Bug 1823701

Summary: [CNV-2.4] when a single component is failing, HCO can continue reporting outdated negative conditions also on other components
Product: Container Native Virtualization (CNV) Reporter: Lukas Bednar <lbednar>
Component: InstallationAssignee: Nahshon Unna-Tsameret <nunnatsa>
Status: CLOSED ERRATA QA Contact: Lukas Bednar <lbednar>
Severity: urgent Docs Contact:
Priority: urgent    
Version: 2.4.0CC: cnv-qe-bugs, fdeutsch, lbednar, ncredi, ocohen, stirabos
Target Milestone: ---Keywords: Regression, TestBlocker
Target Release: 2.4.0   
Hardware: Unspecified   
OS: Unspecified   
Whiteboard:
Fixed In Version: hyperconverged-cluster-operator-container-v2.4.0-40 Doc Type: If docs needed, set a value
Doc Text:
Story Points: ---
Clone Of: Environment:
Last Closed: 2020-07-28 19:09:47 UTC Type: Bug
Regression: --- Mount Type: ---
Documentation: --- CRM:
Verified Versions: Category: ---
oVirt Team: --- RHEL 7.3 requirements from Atomic Host:
Cloudforms Team: --- Target Upstream Version:
Embargoed:

Description Lukas Bednar 2020-04-14 10:08:01 UTC
Description of problem:

[cnv-qe-jenkins@cnv-executor-lbednar ~]$ oc get KubevirtCommonTemplatesBundle -n openshift   common-templates-kubevirt-hyperconverged -o yaml
apiVersion: ssp.kubevirt.io/v1
kind: KubevirtCommonTemplatesBundle
metadata:
  creationTimestamp: 2020-04-14T09:28:02Z
  generation: 1
  labels:
    app: kubevirt-hyperconverged
  name: common-templates-kubevirt-hyperconverged
  namespace: openshift
  resourceVersion: "50163"
  selfLink: /apis/ssp.kubevirt.io/v1/namespaces/openshift/kubevirtcommontemplatesbundles/common-templates-kubevirt-hyperconverged
  uid: 340168c4-6425-405f-b982-52d1bdcfb181
spec: {}
status:
  conditions:
  - lastTransitionTime: 2020-04-14T09:32:49Z
    message: Templates progressing.
    reason: progressing
    status: "False"
    type: Progressing
  - lastTransitionTime: 2020-04-14T09:32:49Z
    message: Common templates available.
    reason: available
    status: "True"
    type: Available
  - ansibleResult:
      changed: 0
      completion: 2020-04-14T10:00:38.936157
      failures: 0
      ok: 11
      skipped: 0
    lastTransitionTime: 2020-04-14T09:28:02Z
    message: Awaiting next reconciliation
    reason: Successful
    status: "True"
    type: Running



Version-Release number of selected component (if applicable):
CNV BUNDLE: 726.0.0
OCP-4.5


How reproducible: 100


Steps to Reproduce:
1. deploying CNV
2. HCO is not getting ready waiting for KubevirtCommonTemplatesBundle
3.

Actual results: CNV is not deployed in 15min timeout


Expected results: CNV gets deployed


Additional info:

I consulted it with Simone T. and he claims that there is some problem with common-templates-kubevirt-hyperconverged is not progressing anymore and it's just a dirty condition on hco.

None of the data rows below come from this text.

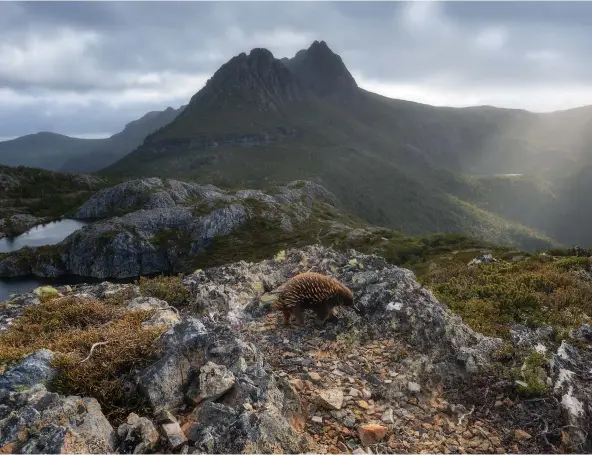  ??  ?? Echidnas are found in a wider variety of habitats and climates than any other mammal in Australia. Tasmanian echidnas, such as this one near Cradle Mountain, enter a hibernatio­n-like state and become inactive during winter.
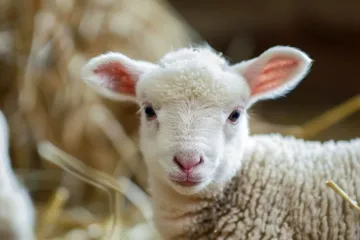 [KVIZ] Kakvo je tvoje znanje o ovcama?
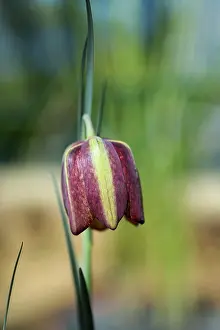 Iran: Fritillary, Fritillaria aff, crassifolia, Side view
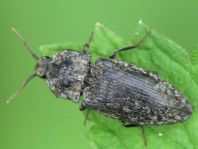 Agrypnus murina, Mausgrauer Schnellkäfer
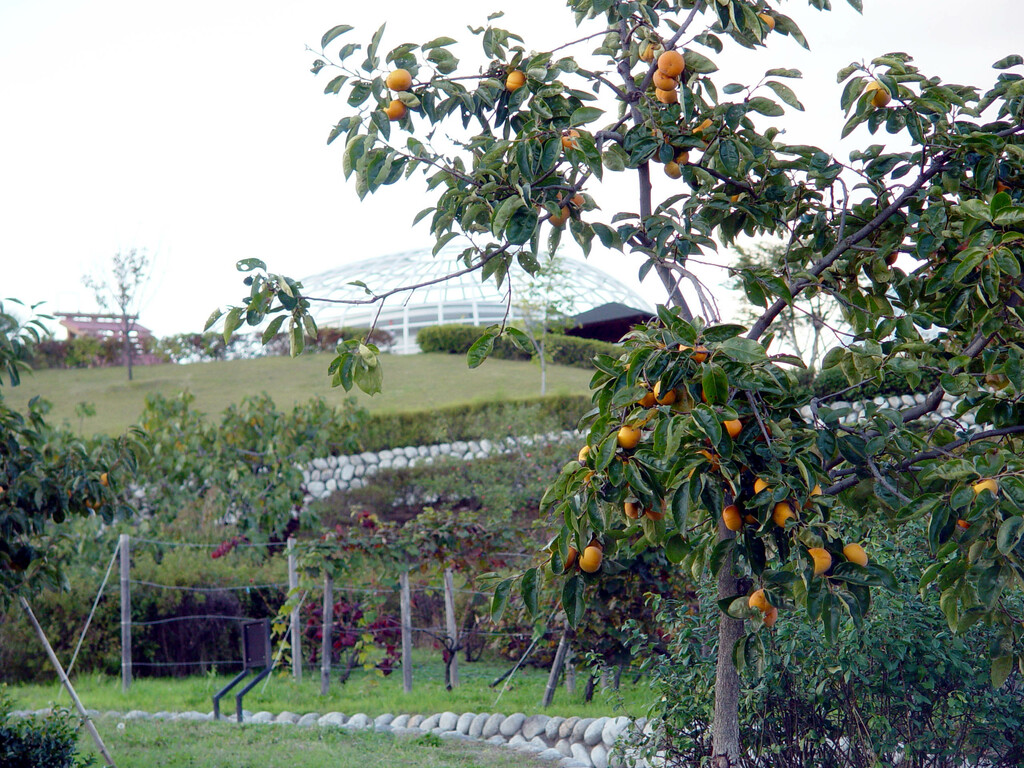 Fuefukigawa Fruits Park, Yamanashi, Yamanashi, Japan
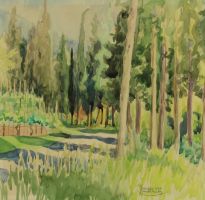 tableau Cyprès et vignes à Viareggio Van Witzenburg Johanna paysage  aquarelle papier 2ième moitié 20e siècle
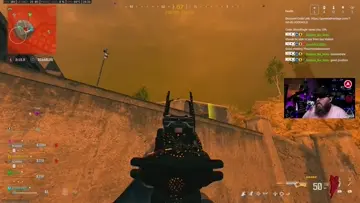 man vs bush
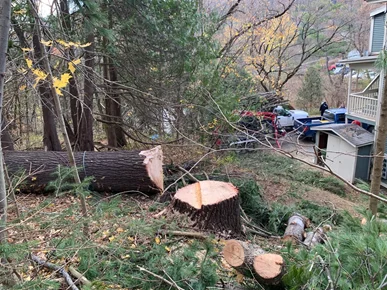 Vermont Tree Climbers gallery 8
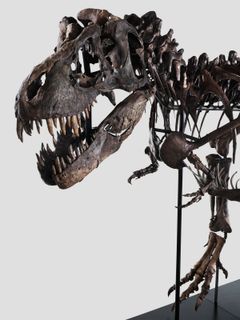 T. rex Trinity, 67 million years old.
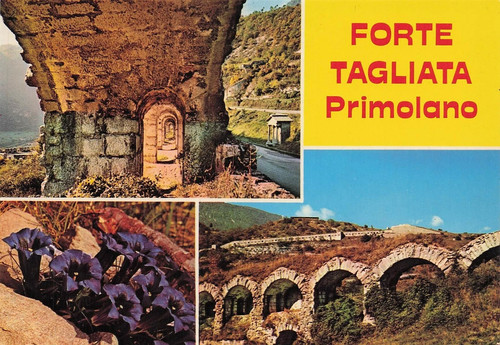 99b cartolina forte - 41-99b),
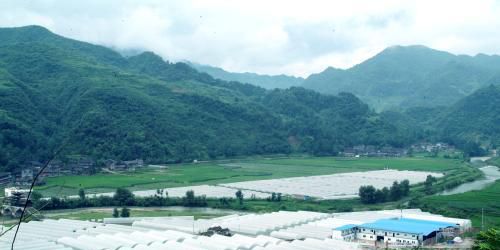 在农村能挣钱大全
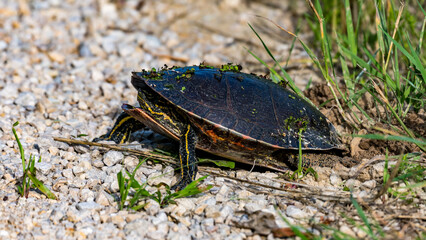 Painted Turtle Laying Eggs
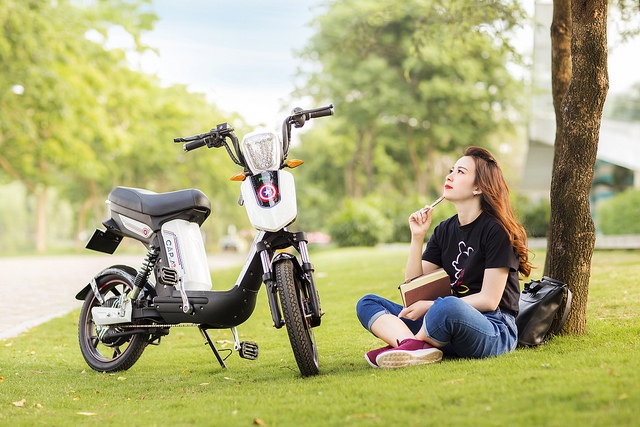 Dong thai giam gia va ky vong cua hang xe dien Pega hinh anh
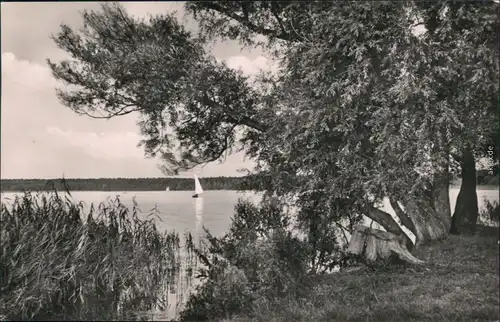 Ansichtskarte Arendsee (Altmark) Uferbereich und Segelboot 1964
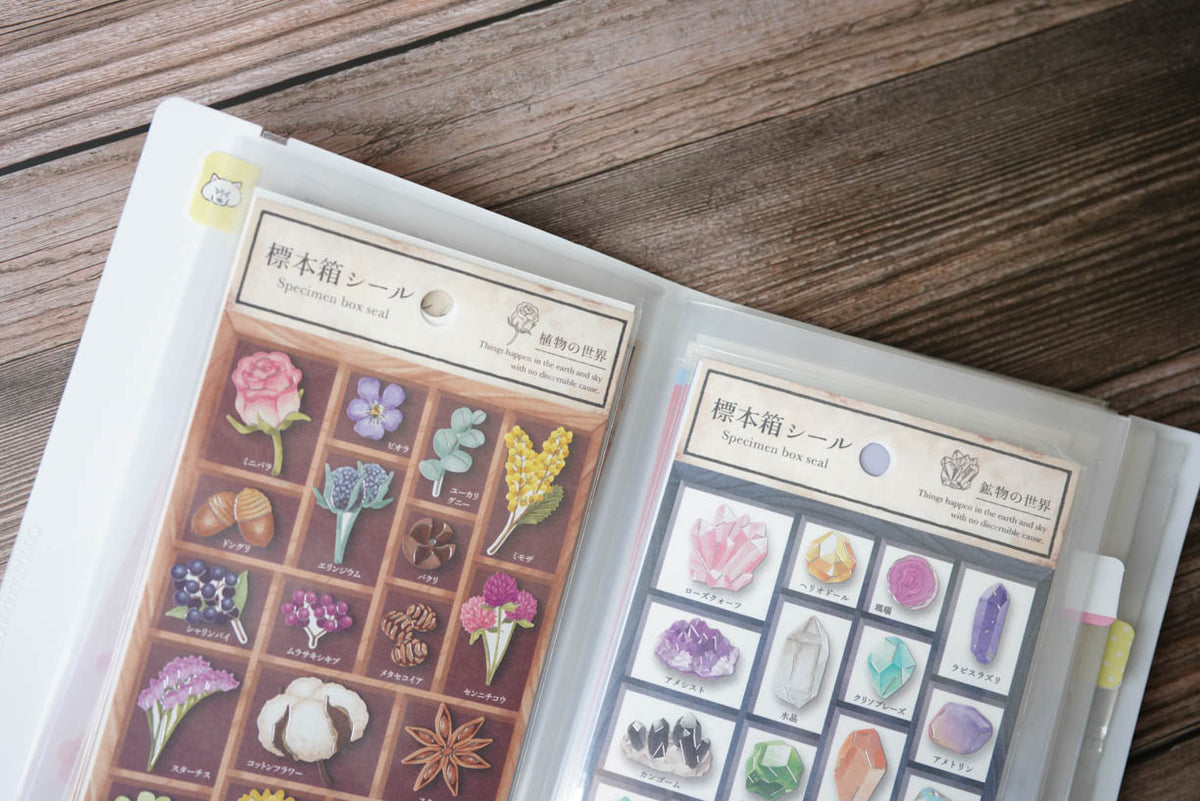 Mind Wave Sticker Storage File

Comment 1 Simone Tiraboschi 2020-04-14 13:03:19 UTC
This is just a kind of false positive on HCO side.
The real issue was only https://bugzilla.redhat.com/1823699 on network component.

But due to how condition handling is currently implemented in HCO,
HCO will continue reporting past bad conditions on other components (even if now fixed) until all the components are fully positive.
See:
https://github.com/kubevirt/hyperconverged-cluster-operator/blob/master/pkg/controller/hyperconverged/hyperconverged_controller.go#L334
HCO will reset all of its conditions in a single shot if and only if no components reported any negative condition.

Comment 3 Lukas Bednar 2020-07-22 12:00:15 UTC
I did not experience this issue in past 30 builds (last build was v2.3.0-486).
I believe we can consider this issue as solved.

Comment 6 errata-xmlrpc 2020-07-28 19:09:47 UTC
Since the problem described in this bug report should be
resolved in a recent advisory, it has been closed with a
resolution of ERRATA.

For information on the advisory, and where to find the updated
files, follow the link below.

If the solution does not work for you, open a new bug report.

https://access.redhat.com/errata/RHSA-2020:3194